Instructions to follow
Return only the lines of the data below from the line with "MemericaGlobal's tweet photo." up to and including the line with "Read Kuutei Dragons EN Manga Online", exactly as written, with the pictures omitted.

Data to use
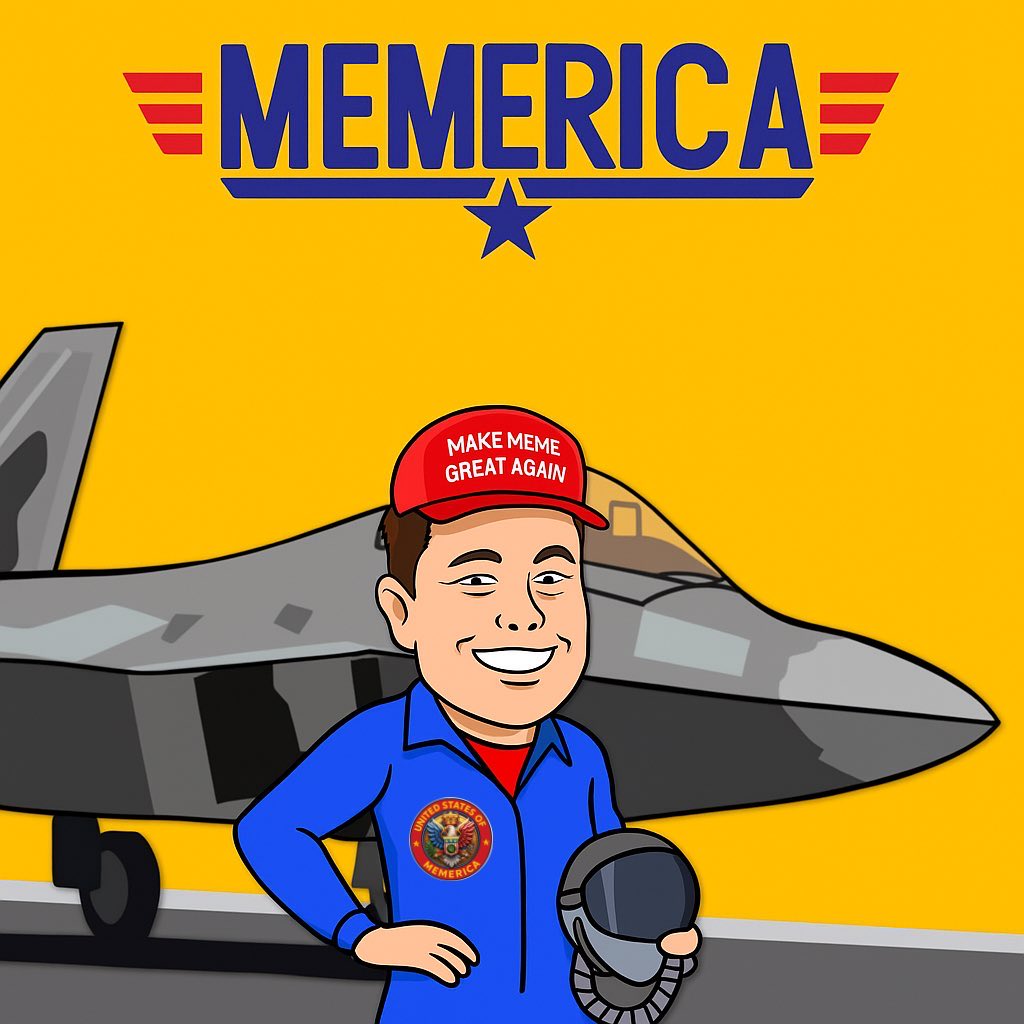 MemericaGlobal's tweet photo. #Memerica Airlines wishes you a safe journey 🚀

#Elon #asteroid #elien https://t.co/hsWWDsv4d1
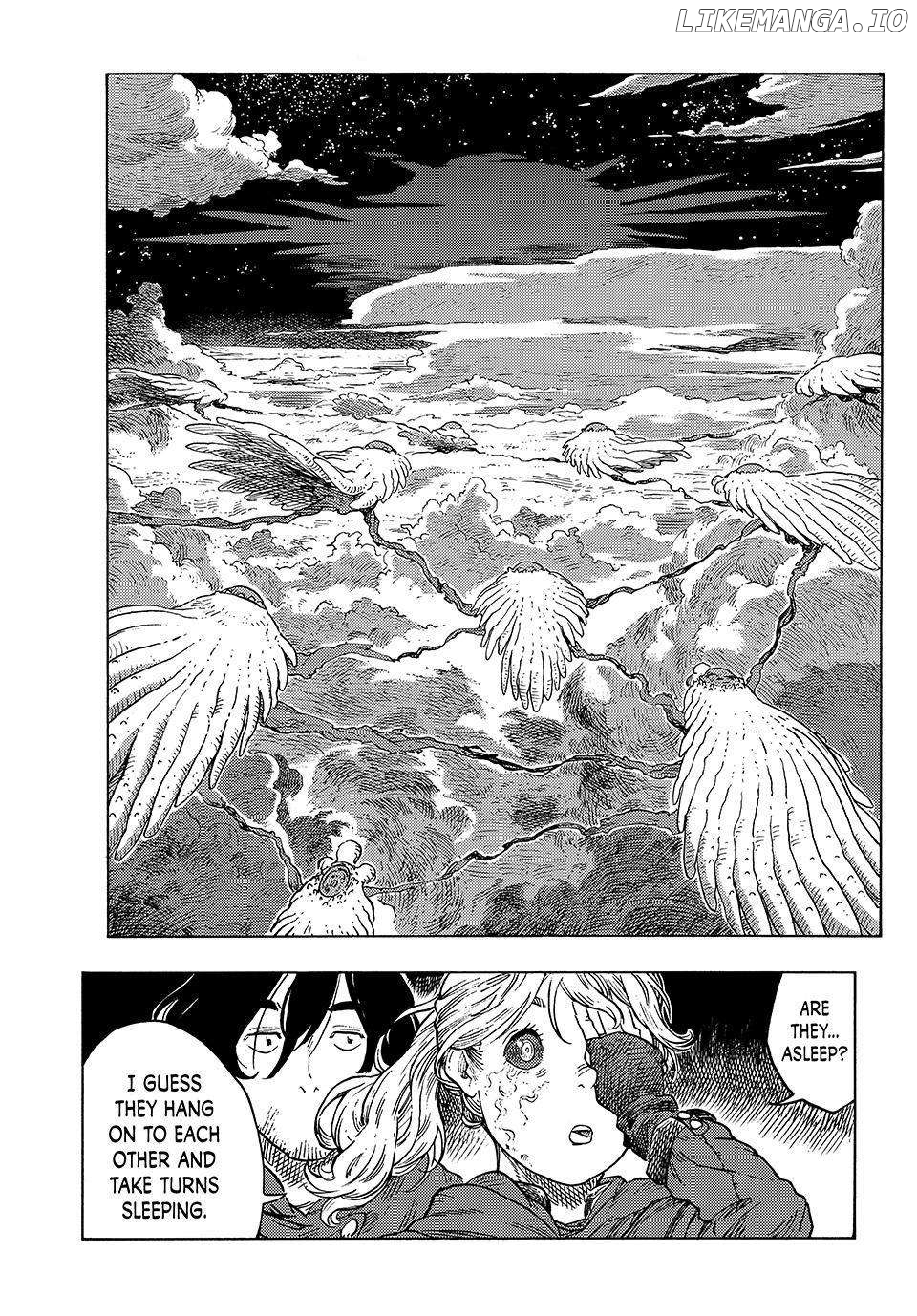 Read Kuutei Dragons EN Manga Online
==
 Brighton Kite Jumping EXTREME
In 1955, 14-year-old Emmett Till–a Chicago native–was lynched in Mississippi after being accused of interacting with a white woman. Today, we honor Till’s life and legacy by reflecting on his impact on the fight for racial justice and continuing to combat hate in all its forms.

Task response
 MemericaGlobal's tweet photo. #Memerica Airlines wishes you a safe journey 🚀

#Elon #asteroid #elien https://t.co/hsWWDsv4d1
 Read Kuutei Dragons EN Manga Online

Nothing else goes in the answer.